Of course, there are several specialized R packages available that provide more powerful and/or more extended implementations, among others: ade4, FactoMineR and vegan. Each of these packages has a totally different approach: ade4 creates a c('pca', 'dudi') S3 object and proposes nice graphs but has an interface that is completely inconsistent with usual R analyses (no optional formula interface, exotic names of arguments, non-standard handling of missing data, etc.). Object orientation and name of objects are obscure and do not facilitate first use of the PCA in ade4. A PCA is done, indeed, using the dudi.pca() function (or possibly, nipals(), but that creates a different nipals object). The same remarks can be made about the interface of functions in FactoMineR: they use strange arguments and do not respect the general organization of analyses in R (an object constructs the analysis, possibly defined using a formula; methods summarize or plot the results piece by piece). At least, name of function and object related to PCA are clear in FactoMineR: PCA(). There is also a non conventional handling of missing observations. But the function is powerful and allows for several investigations around the PCA. In vegan, there is no PCA function, but a redundancy analysis rda(), which reduces to a classical PCA when arguments X = and Y = are missing. It creates a c('cca', 'rda') S3 object which is not optimized at all for holding pure PCA data (many unnecessary items in it for a PCA). Finally, labdsv uses the default prcomp(), but it wraps it into a pca S3 object, in order to define additional plotting methods that are consistent with the other analyses and objects in that package. Note that both pca S3 objects in ade4 and labdsv are completely different, and you are likely to get very bad results in case you load both packages and mix their respective methods!

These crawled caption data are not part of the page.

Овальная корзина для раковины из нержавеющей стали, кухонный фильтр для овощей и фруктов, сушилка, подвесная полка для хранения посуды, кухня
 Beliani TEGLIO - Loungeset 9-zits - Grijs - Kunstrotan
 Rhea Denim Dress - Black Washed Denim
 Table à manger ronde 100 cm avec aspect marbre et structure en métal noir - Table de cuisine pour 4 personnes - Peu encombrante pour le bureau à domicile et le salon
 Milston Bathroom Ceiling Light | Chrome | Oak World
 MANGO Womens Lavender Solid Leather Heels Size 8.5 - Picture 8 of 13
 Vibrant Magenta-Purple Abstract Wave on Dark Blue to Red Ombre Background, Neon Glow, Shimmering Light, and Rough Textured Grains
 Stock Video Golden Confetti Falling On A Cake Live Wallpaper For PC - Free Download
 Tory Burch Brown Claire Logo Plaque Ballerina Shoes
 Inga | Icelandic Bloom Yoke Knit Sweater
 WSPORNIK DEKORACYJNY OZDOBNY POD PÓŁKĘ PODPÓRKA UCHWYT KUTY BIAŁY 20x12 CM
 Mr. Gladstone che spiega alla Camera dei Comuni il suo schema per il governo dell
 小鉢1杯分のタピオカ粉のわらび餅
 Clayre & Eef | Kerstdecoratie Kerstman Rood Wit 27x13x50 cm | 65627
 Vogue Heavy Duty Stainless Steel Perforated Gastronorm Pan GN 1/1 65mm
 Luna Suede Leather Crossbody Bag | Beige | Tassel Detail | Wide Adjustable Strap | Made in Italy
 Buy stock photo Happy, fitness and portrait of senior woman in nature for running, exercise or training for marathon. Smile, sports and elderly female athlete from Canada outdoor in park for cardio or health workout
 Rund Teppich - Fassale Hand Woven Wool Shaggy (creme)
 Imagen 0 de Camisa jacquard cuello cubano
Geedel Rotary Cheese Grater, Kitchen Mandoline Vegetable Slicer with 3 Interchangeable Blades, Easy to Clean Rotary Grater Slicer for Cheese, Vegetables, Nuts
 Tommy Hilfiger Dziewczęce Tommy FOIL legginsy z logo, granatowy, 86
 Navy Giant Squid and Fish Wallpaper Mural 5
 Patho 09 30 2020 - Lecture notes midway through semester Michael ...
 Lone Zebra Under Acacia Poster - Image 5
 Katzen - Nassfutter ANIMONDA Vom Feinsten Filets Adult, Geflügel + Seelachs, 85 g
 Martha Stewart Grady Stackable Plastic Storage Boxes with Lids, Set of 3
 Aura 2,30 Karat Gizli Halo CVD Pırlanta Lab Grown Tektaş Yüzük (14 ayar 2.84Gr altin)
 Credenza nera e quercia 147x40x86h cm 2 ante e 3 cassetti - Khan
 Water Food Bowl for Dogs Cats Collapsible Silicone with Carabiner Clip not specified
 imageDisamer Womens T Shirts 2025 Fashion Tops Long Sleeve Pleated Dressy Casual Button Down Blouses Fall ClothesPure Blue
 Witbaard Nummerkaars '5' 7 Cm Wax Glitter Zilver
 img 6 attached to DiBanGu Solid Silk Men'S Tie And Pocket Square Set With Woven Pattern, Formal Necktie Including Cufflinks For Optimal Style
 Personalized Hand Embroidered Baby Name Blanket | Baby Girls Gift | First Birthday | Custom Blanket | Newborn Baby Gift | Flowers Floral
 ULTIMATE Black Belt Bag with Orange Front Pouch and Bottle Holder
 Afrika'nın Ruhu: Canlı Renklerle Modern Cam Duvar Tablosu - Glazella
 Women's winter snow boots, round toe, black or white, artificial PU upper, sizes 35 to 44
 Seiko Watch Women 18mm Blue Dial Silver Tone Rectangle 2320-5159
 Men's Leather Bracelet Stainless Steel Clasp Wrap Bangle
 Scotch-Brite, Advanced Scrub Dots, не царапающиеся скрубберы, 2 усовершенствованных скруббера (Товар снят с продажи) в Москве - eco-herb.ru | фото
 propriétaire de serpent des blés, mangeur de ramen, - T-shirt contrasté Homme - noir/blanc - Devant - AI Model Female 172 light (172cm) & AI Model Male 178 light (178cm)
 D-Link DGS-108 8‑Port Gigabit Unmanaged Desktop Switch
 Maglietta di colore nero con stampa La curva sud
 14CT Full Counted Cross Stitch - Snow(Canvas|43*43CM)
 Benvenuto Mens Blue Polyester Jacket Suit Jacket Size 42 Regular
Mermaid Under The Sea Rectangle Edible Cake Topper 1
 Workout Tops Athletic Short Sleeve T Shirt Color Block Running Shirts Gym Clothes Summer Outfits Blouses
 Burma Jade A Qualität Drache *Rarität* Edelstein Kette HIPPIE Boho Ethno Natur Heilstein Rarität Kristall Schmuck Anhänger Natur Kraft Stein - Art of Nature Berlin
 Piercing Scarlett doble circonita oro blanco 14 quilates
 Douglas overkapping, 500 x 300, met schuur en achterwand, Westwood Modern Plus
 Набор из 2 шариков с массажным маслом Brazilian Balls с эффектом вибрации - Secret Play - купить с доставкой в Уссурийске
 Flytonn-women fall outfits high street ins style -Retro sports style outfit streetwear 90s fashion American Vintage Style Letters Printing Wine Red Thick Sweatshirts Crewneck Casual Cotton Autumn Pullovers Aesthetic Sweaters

So, given that chaotic set of PCA functions in R, would it be possible to design an object with minimal code that reuses code in the stats package (princomp() and prcomp()), provides a couple of additional methods to make decent variables and individuals plots (possibly with ellipses or convex hulls for subgroups) in a way that a whole analysis would be easy to perform and to read in R code? We have tried to do so in the present SciViews package.

It would have been nice to name our object pca. But that pca S3 object could not be compatible with ade4’s pca object. So, we decided to give it a different name: pcomp.

The pcomp object

The pcomp S3 object, inherits from pca and princomp. It returns a list with components:

  • loadings: (also required for labdsv’s pca object). This is $rotation in prcomp, and a loadings object in princomp,

  • scores: (also required for labdsv’s pca object). Note for scores in princomp, components are Comp.1, Comp.2, etc., in prcomp, they are named PC1, PC2, …, as well as in pca). So, we keep PC1, PC2, … This is $x in prcomp. For princomp(), the argument scores = TRUE (by default) must be used to get these.

  • sdev: (also required for **labdsv*’s pca object). princomp() uses names (to rename into PC1, PC2, …), while prcomp() does not,

  • totdev: the total deviance, as required to be compliant with labdsv’s pca object.

  • n.obs: the number of observations,

  • center: (use 0 for all, if not centered),

  • scale: (use 1 for all, if not scaled),

  • method: currently only either svd (and the computation is the same as prcomp()), or eigen (and the computation is the same as princomp()),

  • call: the matched call,

  • na.action: if relevant.